DATA SHOWN section start
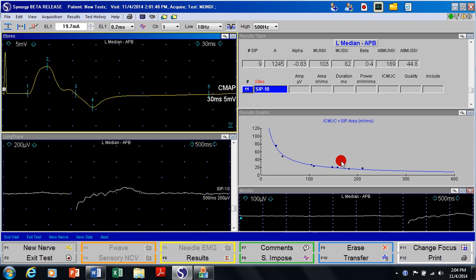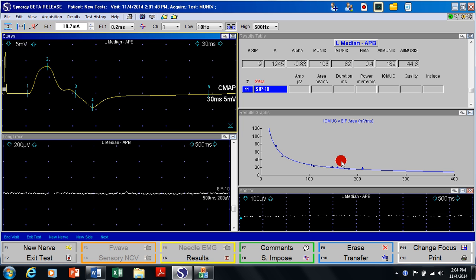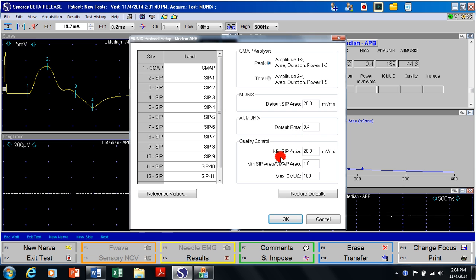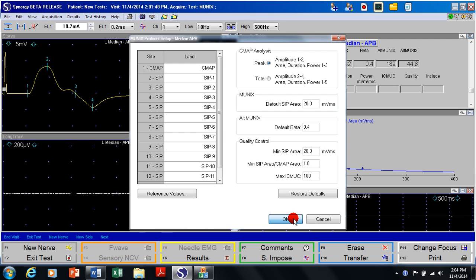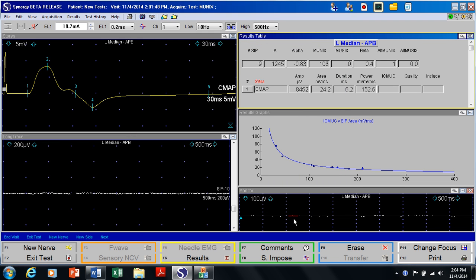So this is the way we can do the MUNIX study. Usually we record 10 SIP signals but in this program we have the ability to record 29 SIP signals. We have built in the criteria for acceptance, shown over here — the minimum SIP area should be more than 20 and so forth. These are the parameters that could be changed, mainly for future research. We have also something called alternate MUNIX formulation that we are exploring. All of that computation is built into our program right now. MUNIX is fully integrated into the EDX software and as you can see it is quite easy to do and it takes only a few minutes to perform. Hope it helps.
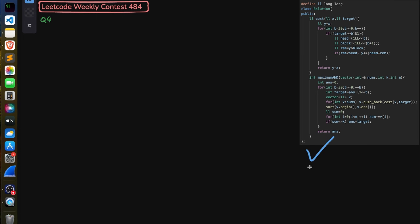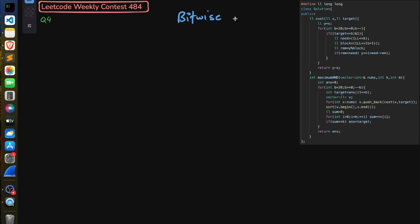We have to return the maximum possible bitwise AND of any subset of size m after performing up to k operations optimally. I'd like to explain it through the code because you would understand it more clearly that way. The code is pretty straightforward. We are given nums, k, and m, and we can apply at most k operations. After applying operations, we choose m numbers such that the bitwise AND value is maximum.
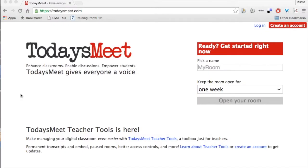If you ever hear anyone refer to using a back channel with their classroom or in a lecture, anything like that, chances are they are probably using TodaysMeet.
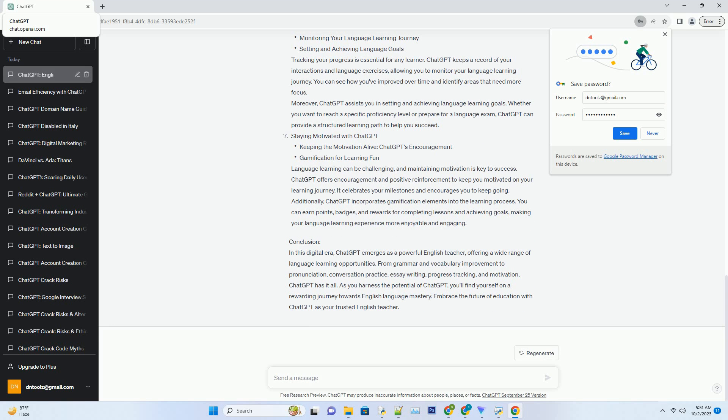In this digital era, ChatGPT emerges as a powerful English teacher, offering a wide range of language learning opportunities. From grammar and vocabulary improvement to pronunciation, conversation practice, essay writing, progress tracking, and motivation, ChatGPT has it all. As you harness the potential of ChatGPT, you'll find yourself on a rewarding journey towards English language mastery. Embrace the future of education with ChatGPT as your trusted English teacher.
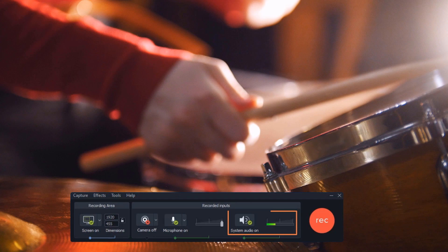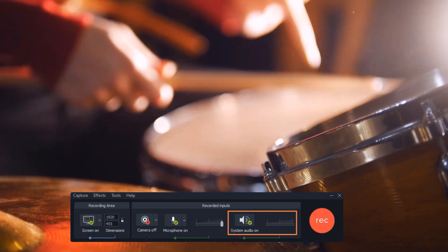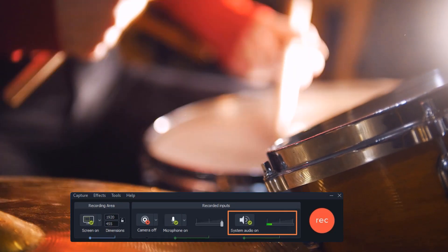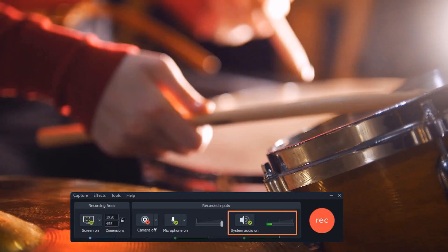System audio is great if the sounds provide context or information to the viewer that they might not get otherwise. As you work through the process of prepping your content, you should take note of any system sounds that need to be recorded. If there are none, you could skip recording it.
DATA SHOWN section end
Please output the material as written, apart from the images.

So this is the way we can do the MUNIX study. Usually we record 10 SIP signals but in this program we have the ability to record 29 SIP signals. We have built in the criteria for acceptance, shown over here — the minimum SIP area should be more than 20 and so forth. These are the parameters that could be changed, mainly for future research. We have also something called alternate MUNIX formulation that we are exploring. All of that computation is built into our program right now. MUNIX is fully integrated into the EDX software and as you can see it is quite easy to do and it takes only a few minutes to perform. Hope it helps.
We have to return the maximum possible bitwise AND of any subset of size m after performing up to k operations optimally. I'd like to explain it through the code because you would understand it more clearly that way. The code is pretty straightforward. We are given nums, k, and m, and we can apply at most k operations. After applying operations, we choose m numbers such that the bitwise AND value is maximum.
If you ever hear anyone refer to using a back channel with their classroom or in a lecture, anything like that, chances are they are probably using TodaysMeet.
In this digital era, ChatGPT emerges as a powerful English teacher, offering a wide range of language learning opportunities. From grammar and vocabulary improvement to pronunciation, conversation practice, essay writing, progress tracking, and motivation, ChatGPT has it all. As you harness the potential of ChatGPT, you'll find yourself on a rewarding journey towards English language mastery. Embrace the future of education with ChatGPT as your trusted English teacher.
System audio is great if the sounds provide context or information to the viewer that they might not get otherwise. As you work through the process of prepping your content, you should take note of any system sounds that need to be recorded. If there are none, you could skip recording it.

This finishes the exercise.